Challenges for creditors in recovering debts when all Partners pass away

Chandhiok & Mahajan - Naman Golechha, Manichandan Reddy
Chandhiok & Mahajan - Naman Golechha, Manichandan Reddy

The Partnership Act defines ‘Partnership’ as the relation between ‘persons’ who have agreed to share the profits of a business carried on by all or any of them acting for all. Naturally, for a partnership to exist and subsist, a minimum of two surviving partners is mandatory. As per Section 42 of the Partnership Act, in a situation where one of the two partners dies or there remains only one surviving partner the partnership firm automatically dissolves.

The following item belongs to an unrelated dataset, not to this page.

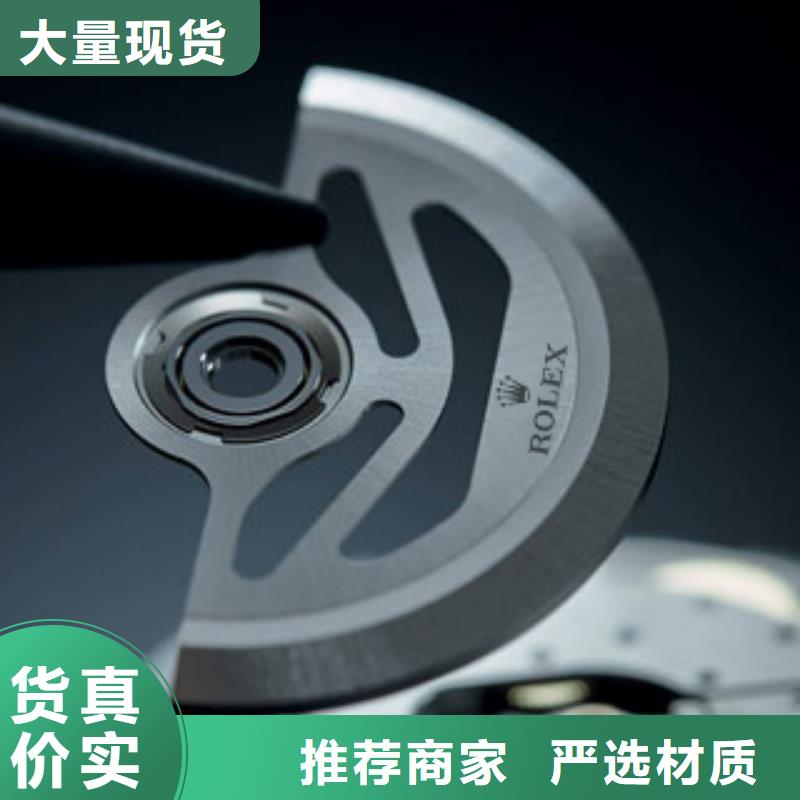 钟表维修视频-芒康|江达|日喀则|阿里|林芝|那曲|拉萨|山南钟表维修型号齐全-万表管家(昌都市分公司)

The fundamental principle of a partnership as encapsulated under Section 25 of the Partnership Act is that every partner is liable jointly and severally for all acts of the firm while he was/ is a partner. As a consequence, a sole surviving partner even after the dissolution of the firm upon the death of a partner, assumes unlimited liability to discharge any debt owed by the firm. This provision ensures that creditors can seek repayment from any partner for the full amount of the firm's debts, regardless of which partner was responsible for incurring the debt.

However, creditors face significant challenges in enforcing their debt in a situation where none of the partners survive. In such cases, the legal heirs of the partners are not liable for the debts of the firm, as they were never parties to the partnership agreement and thus cannot be held responsible for the obligations incurred by the firm. The principle of limited liability for heirs ensures that they are not required to pay the firm's debts from their personal assets.

In the same vein in the landmark case of SP Mishra & Ors. v. Mohd. Laiquddin Khan & Anr., the Hon’ble Supreme Court held that even a favourable decree obtained by a creditor against a partner cannot bind his/ her legal heirs, as such, the decree is not executable against them. The legal heirs of a deceased partner are not parties to the contract and such contract cannot confer rights or impose obligations arising under it on any third party, except parties to it.

In fact, the Hon’ble Supreme Court went a step further to hold that even if the partnership deed envisages that after the death of a partner his legal heirs would automatically enter the partnership, such a clause would be void ab initio as it would run contrary to the provisions of the Partnership Act and would be opposed to public policy.

Personal rights, distinct from proprietary rights, arise from contractual obligations or pertain to an individual's status. These personal rights are neither transferable nor inheritable. Correspondingly, even Section 306 of the Indian Succession Act, 1925, embodies the maxim "actio personalis moritur cum persona" (a personal right of action dies with the person), which applies to a specific class of cases where the right in question is not inheritable.

Therefore, creditors may find themselves without recourse to recover the amounts owed, as the deceased partners' estates may not have sufficient assets to cover the debts, and the heirs are protected from any personal financial liability.